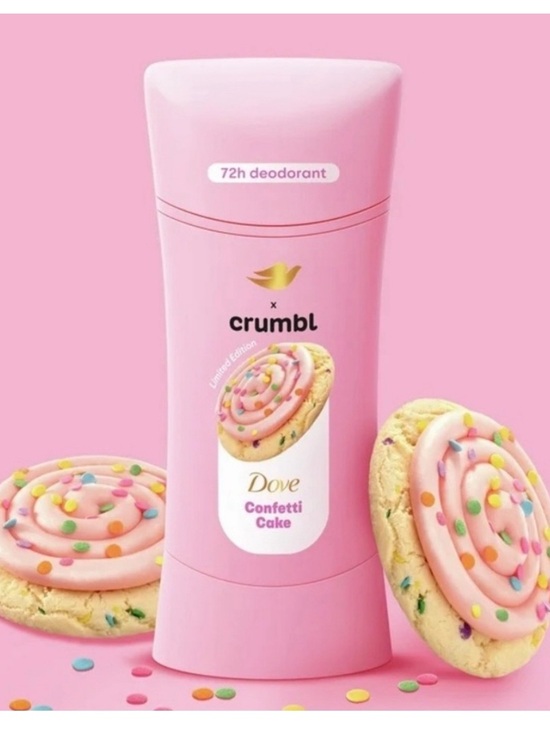Dove Other - Dove x Crumbl Confetti Cake Deodorant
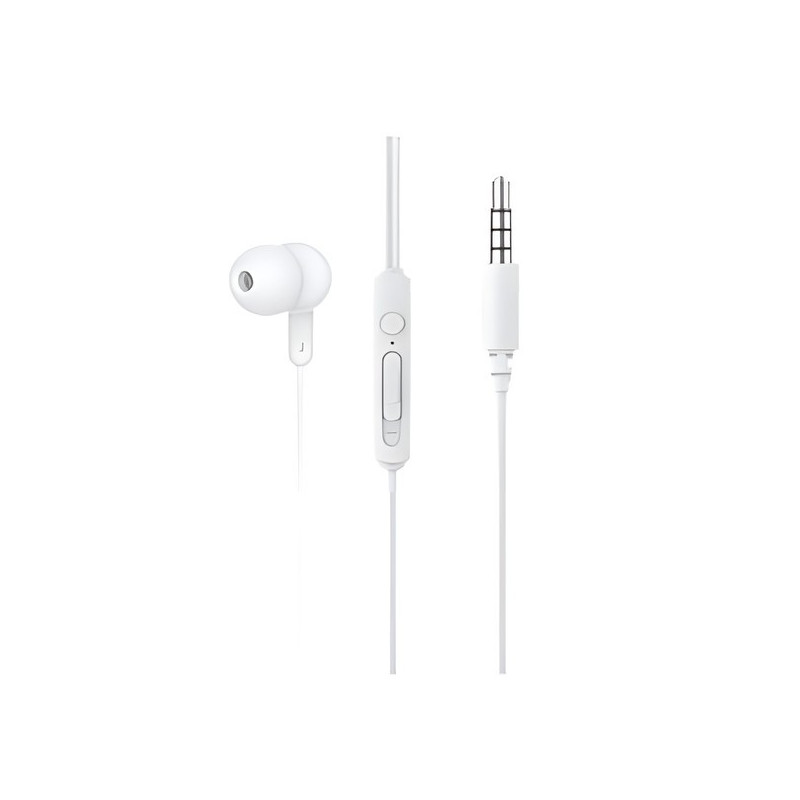 Auricular con Cable y Manos Libres E335P BLANCO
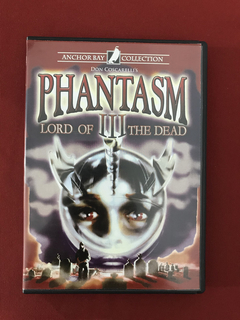 DVD - Phantasm III - Lord Of The Dead - Seminovo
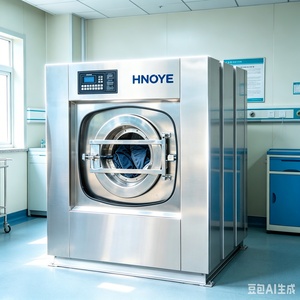 Laveuse-essoreuse commerciale 15kg-100kg en acier inoxydable pour hôtels - Product Image 2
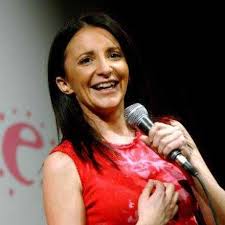 Book a comedienne, Lucy Porter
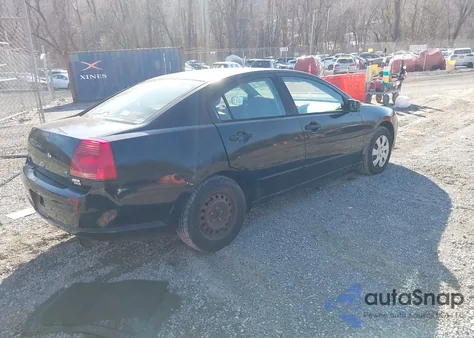 2005 Mitsubishi Galant Ls from USA, damaged, VIN 4A3AB36S45E056653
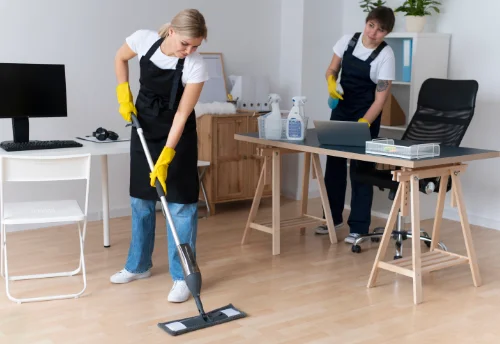 Nettoyage de bureau professionnel à Villers-Saint-Sépulcre
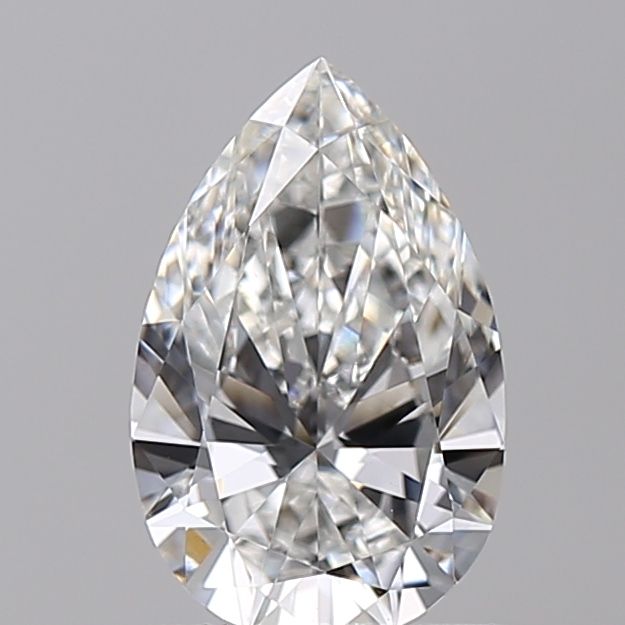 Diamond Natural 1Ct F-VS1 Pear - GIA6452710546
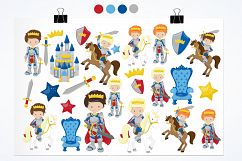 Fairytale Prince  graphics and illustrations Product Image 2
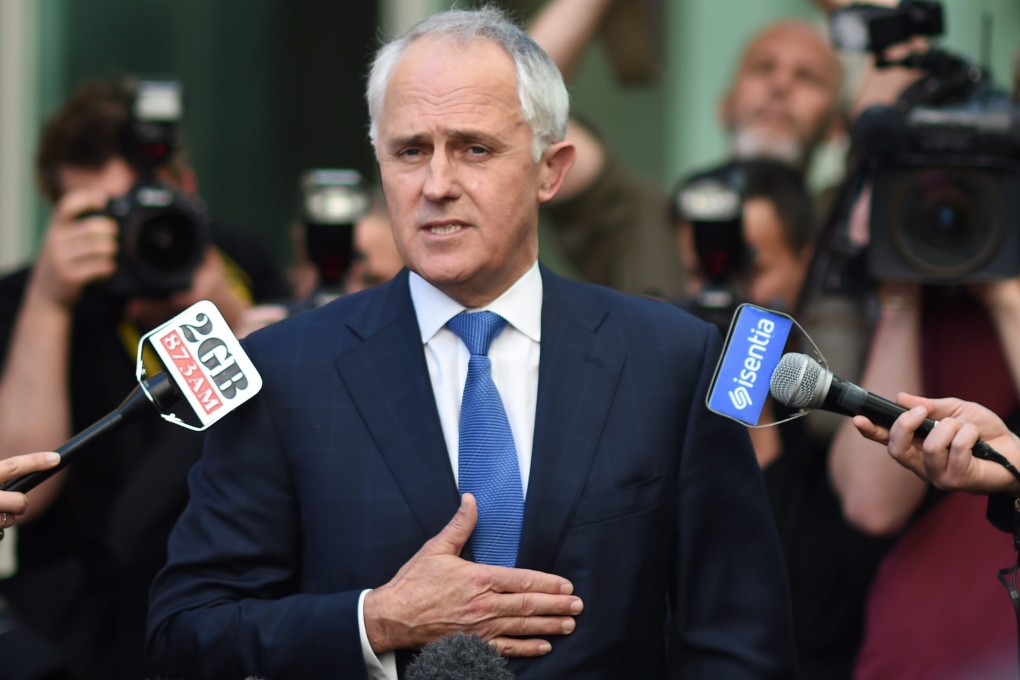 Malcolm Turnbull is a more nuanced thinker than the man he replaced. Photo: EPA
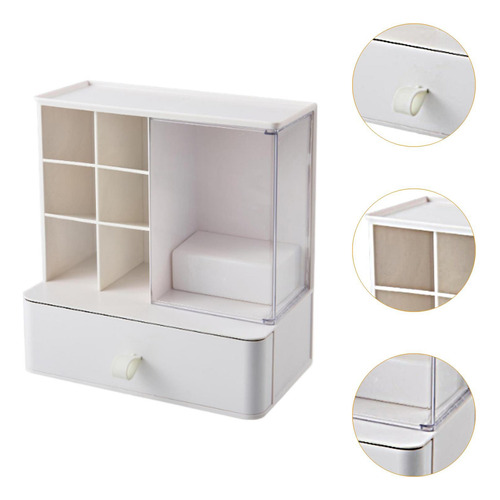 Caja De Almacenamiento De Joyería De Organizador De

○ ○ ○ ○

Aim of the exercise. Starting at the line that contains "Malcolm Turnbull is", reproduce exactly and only the lines through the end of the entries above, with the pictures excluded.

Reply to the exercise.
 Malcolm Turnbull is a more nuanced thinker than the man he replaced. Photo: EPA
 Caja De Almacenamiento De Joyería De Organizador De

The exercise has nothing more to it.